One of the perks of living in a city like Milwaukee is that thoughtful vegan and vegetarian menu items are never too hard to find. Finding an all-vegetarian restaurant, however, is another story. One of the only ones near Downtown is the Riverwest Co-Op Café (733 E. Clarke St.), which since 2004 has been catering to the neighborhood’s herbivores. Every item on the menu is vegan by default, though a few can be made with cheese or an egg by request.
“Vegan and vegetarian is the only thing we do,” says co-op member Todd Leech, who assistant manages the café. “Our pots, our pans, our stovetops, our grills and our knives have never touched meat. So you don’t have somebody cooking hamburgers right next to the barbecue tofu.”
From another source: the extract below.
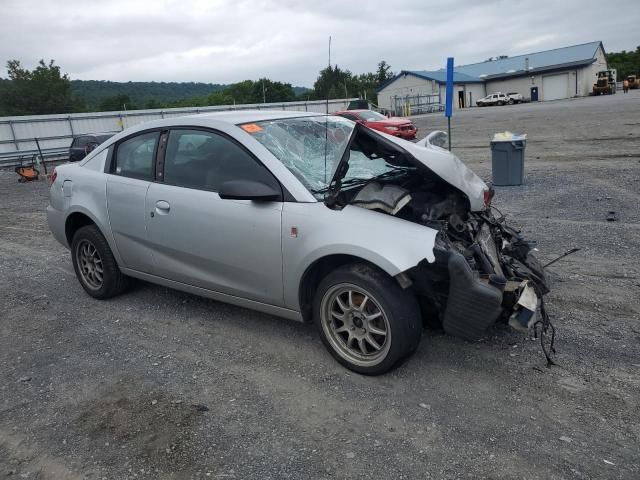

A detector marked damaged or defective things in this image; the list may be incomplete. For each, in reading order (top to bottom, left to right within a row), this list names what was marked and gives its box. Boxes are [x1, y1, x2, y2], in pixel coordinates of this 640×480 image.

Staffed by a mix of paid employees and volunteers, the kitchen serves the staples you’d expect from a vegetarian café—bean burritos, veggie sandwiches, salads and the like—as well as some more worldly offerings, like a bahn mi and Korean bi bim bop. Everything on the menu is less than $10 and the portions are generous, to say the least. One of the café’s bestsellers is its vegan pancakes, each of which is the size of a hefty plate. The kitchen uses almost all organic ingredients.
“We’re looking for good, clean produce—nothing that uses chemical fertilizers or any kind of non-organic input,” says Leech. “And whenever possible, we source locally. Some of our best farms are within 40 minutes of the co-op.”
The café’s menu is a permanent work in progress. Since the co-op’s mission is to serve the community, Leech says, the café is constantly adding and tweaking menu items based on customer feedback, and often humors requests that might be met with eye rolls at commercial kitchens.
“We’re a community restaurant, so we welcome the kind of input that other restaurants might turn their noses up at,” Leech says. “For instance, we were using kimchi in our bi bim bop, and a local guy came in and told us that he made his own, so we started using that. Some of our costumers noticed the change and gave us some feedback, so we shared it with him and he tweaked the recipe in response.”
The café also recently added a kids’ menu in response to customer requests. These kinds of changes are easy to implement, Leech says, because the café operates by a simple consensus—if the co-op’s owners committee sees room for improvement, they act on it. Just about the only change that’s completely off the table is the idea of serving meat. The café has always been all-vegetarian, and it intends to stay that way.
“We’ve got a very loyal customer base and an ever-expanding customer base,” Leech says. “We get a lot of suggestions for a lot of things, but we never get folks coming in demanding prime rib.”